EC: I’m sure it’s a word to them. They’ve probably been using it ever since they became heterosexualized. I don’t know…people these days seem to be doing a fine job of exposing their psychotic leanings all by themselves — or at least, in some cases with the image of Barack Obama in their mind. I guess I’d rather everyone hear the real message in my videos — although I am dead set against informing people up-front that my videos are satire.
TYM: How do you think of ideas for your show? Want any suggestions? I’ve got plenty of applicable baggage you could address.
EC: They just come to me, usually when I’m going over comments people have left. For example, someone was arguing with a Christian lady about the faulty “design” of the human body, and she said, “I think the human body is a pretty cool design.” And a light bulb went off, and I made the video “God’s Cool Designs,” which starts out with puppies and pandas and ends up showing bubonic plague and smallpox victims.

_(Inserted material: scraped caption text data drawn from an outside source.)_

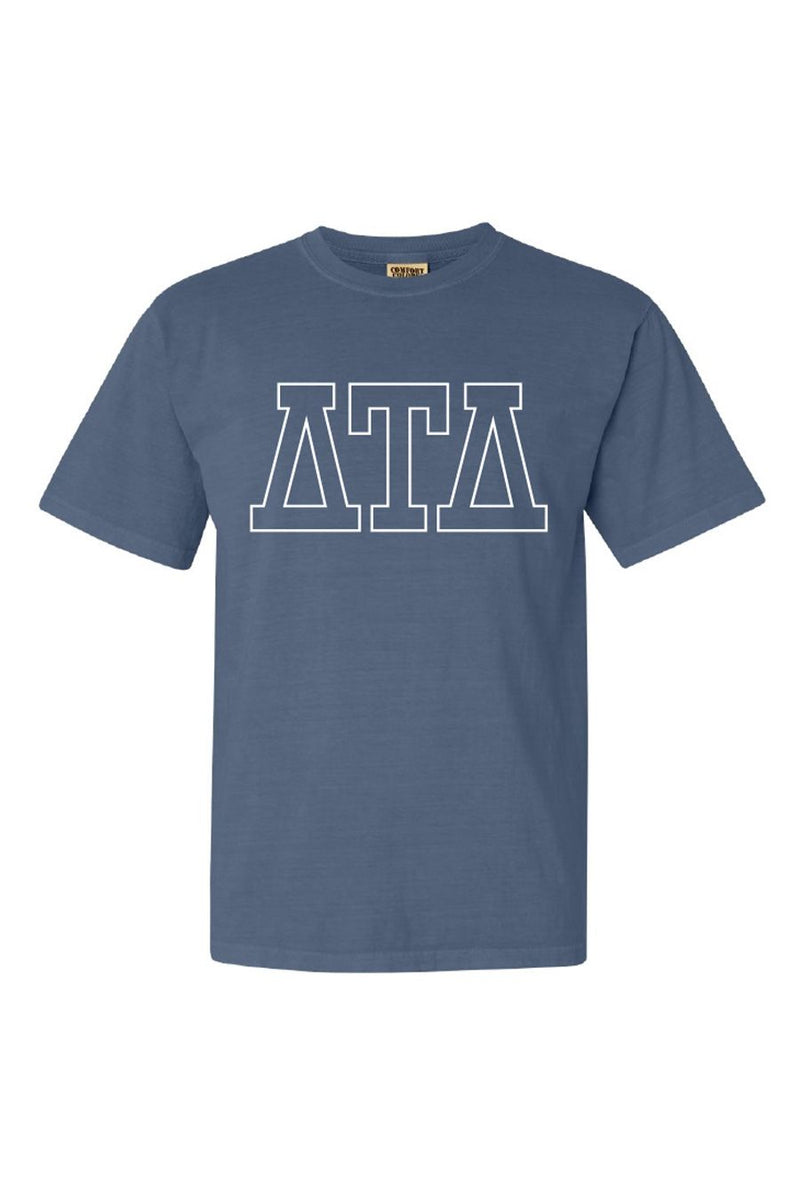 DTD Open Boxed Letters Tee – The Delt Store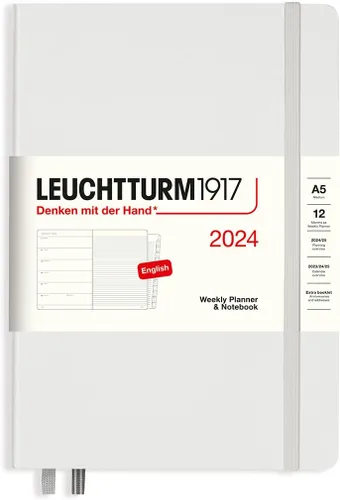 Miniatura 5 de LEUCHTTURM1917 - Agenda semanal y cuaderno 2024 con folleto adicional, tapa dura, composición (B5), verde (1 de enero - 31 de diciembre de 2024)
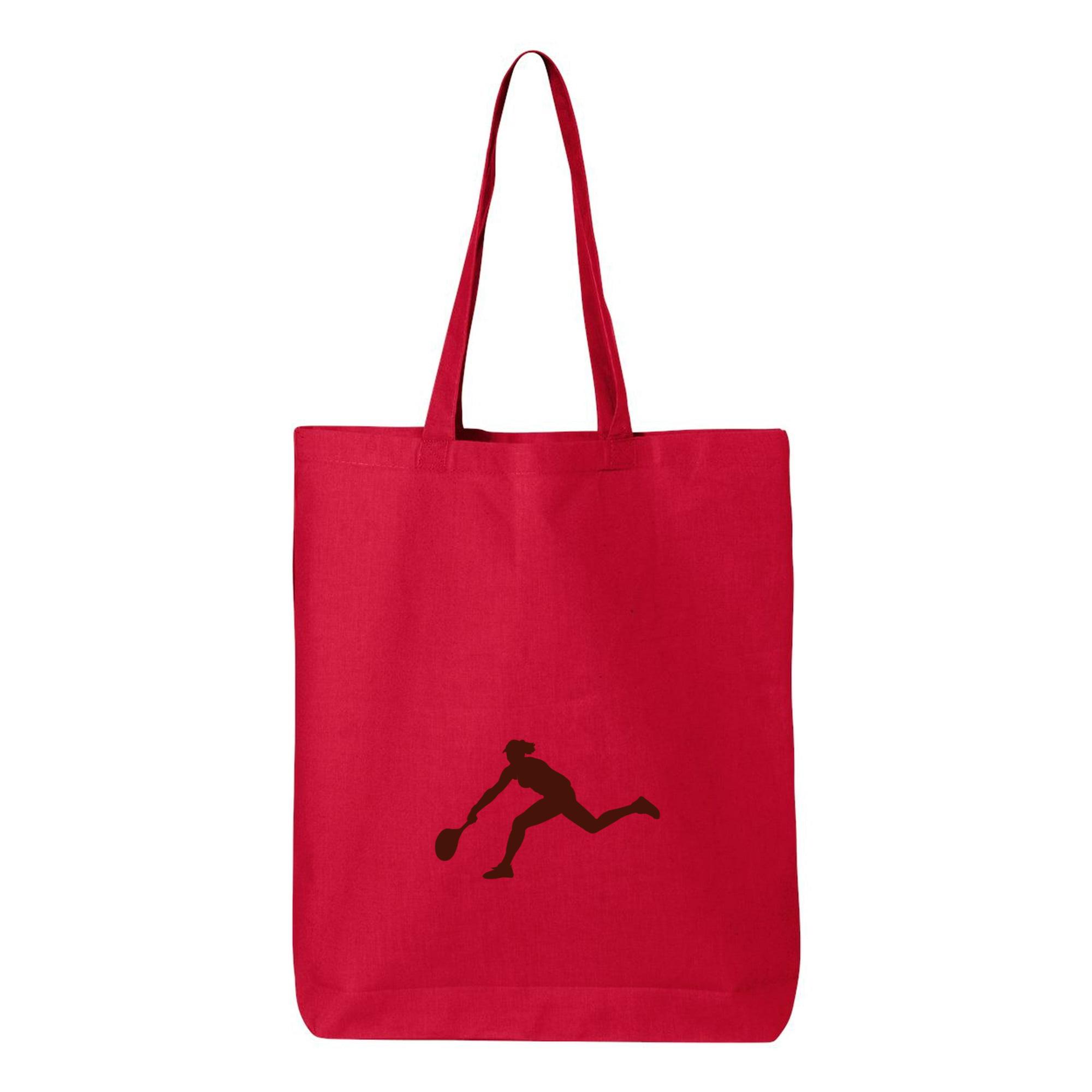 Tennis White Sport Canvas Tote Bag 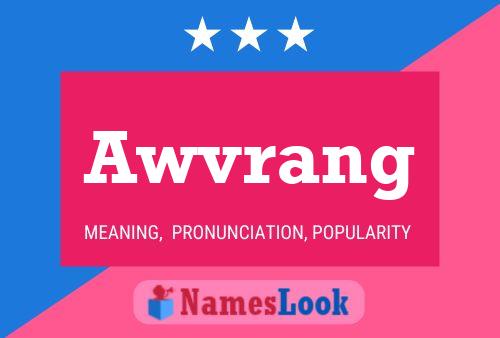 Awvrang Name Poster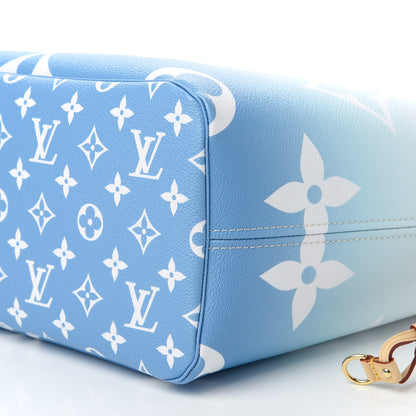Louis Vuitton Monogram Giant By The Pool Neverfull MM Blue 7 of 9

Lately I’ve been doing fewer videos. A lot of the themes have been covered, and I’d rather do nothing than repeat myself. I want each of the videos to have some kind of unique twist or point, and still be funny.
TYM: If you could start your own religion, what would it be called, and what would its tenets be?
EC: It would be called Silencism. Believe whatever you want, but keep quiet about it. I’m actually a little offended when a total stranger writes and asks me, “What’s your religion, anyway? What do YOU believe?” Hey, none of your business! In my perfect world, asking someone their religion would be like asking how much money they make, or their dick size. And for someone to say, “Well you know, I’m a Christian” would be as shocking as hearing, “Well you know, I have a nine-inch hog.”
TYM: Lastly, do you have any advice for Youtube content-creators or people who want to do a satirical series like yours?
EC: Do it for fun. Any time I’ve had any kind of success, it’s because I was doing something that I would do anyway, without any rewards. If you’re making a calculated effort to become popular or make money, you’ll probably fail. But if you’re true to yourself and you happen to come up with something that the public actually wants — even though they don’t realize it yet — then you’ll succeed.
TYM: Thank you so much for taking the time to hang out with us and shoot the shit. I feel your Youtube videos are a historically significant event as far as user-produced, online media is concerned. At the very least they’re more important than the Chocolate Rain guy, because he’s sort of creepy.
EC: Thank you — although I’m a little disappointed, because on a few of my videos, I go to great lengths to be creepy.
TYM: Check out all of Edward’s videos on [http://www.youtube.com/user/EdwardCurrent] and visit his MySpace at [http://www.myspace.com/eddiecurrent]. Any final words for our readers?
EC: Remember: They may pray for us, but we’ll think for them.
TYM: Thank you all for checking this out. Fight the power.